Gulf Coast Beautiful and Tasty

The view out­side of Gulf Shore Plantation Condominiums in Gulf Shores, AL

If you’ve read Living Large for any length of time, you know we’ve done a lot to adjust our lifestyle to help the envi­ron­ment and with food, our own health. We eat at home much more often than we did in the city and when I can get it, I’ve been buy­ing organic meat, pro­duce, eggs and milk for years now.

Some weeks before I left for a trip to Gulf Shores, Alabama last week, a story came out from Al Jazeera about defor­mi­ties being found in some Gulf of Mexico seafood. Although unknown, the impli­ca­tion being that it is caused by the 2010 oil spill. Of course, the story was alarming.

I did some research into the issue and found a lot of infor­ma­tion, none of it able to dis­prove the con­tention by sci­en­tists the gov­ern­ment has hired that the seafood is safe. The con­tention is between some envi­ron­men­tal­ists and sci­en­tists say­ing the Gulf Coast, like Alaska after the Exxon Valdez spill, will need years of study to deter­mine the full impact.

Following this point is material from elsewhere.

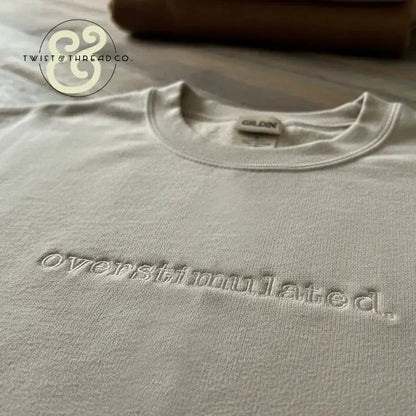 Close-up of a white Gildan sweatshirt with embroidered word 'overstimulated' on a wooden surface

The FDA allows things into our food that we would find repul­sive. Pink slime, for exam­ple, that ground up mix­ture of beef trim­mings and ammo­nia in some ground meat prod­ucts. The FDA also allows for a cer­tain amount of insect parts in any processed food.

What they don't allow are sick ani­mals of any kind and espe­cially not seafood.

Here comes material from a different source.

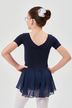 Mädchen in marineblauem Ballett-Outfit und weißen Strumpfhosen steht mit den Händen in den Hüften und blickt von der Kamera weg. 2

Once one wades through the hype of the arti­cle by Al Jazeera, while rais­ing ques­tions about the full envi­ron­men­tal impact of the spill, it doesn’t prove a thing but mak­ing the seafood unap­pe­tiz­ing. What the arti­cle fails to men­tion is that any seafood found with ill­ness today, just as it was prior to 2010, can­not enter our food sys­tem and even the arti­cle admits that the fish and shell­fish found with prob­lems make up a very small por­tion of the seafood caught.

It’s also true that the seafood com­ing from the Gulf is the most tested in the system.

I looked back at an arti­cle I did sev­eral years ago on how seafood is ulti­mately affected by any­thing any­one puts into the water, from pes­ti­cides in the Heartland that run down the Mississippi to the trash taken out to sea and dumped.

There are chem­i­cals in all of our food, from fac­tory farmed meats to the processed food we eat at restau­rants. Our own bod­ies con­tain a huge amount of chem­i­cals already that is nat­u­rally fil­tered. There’s no escap­ing it unless we do not eat anything.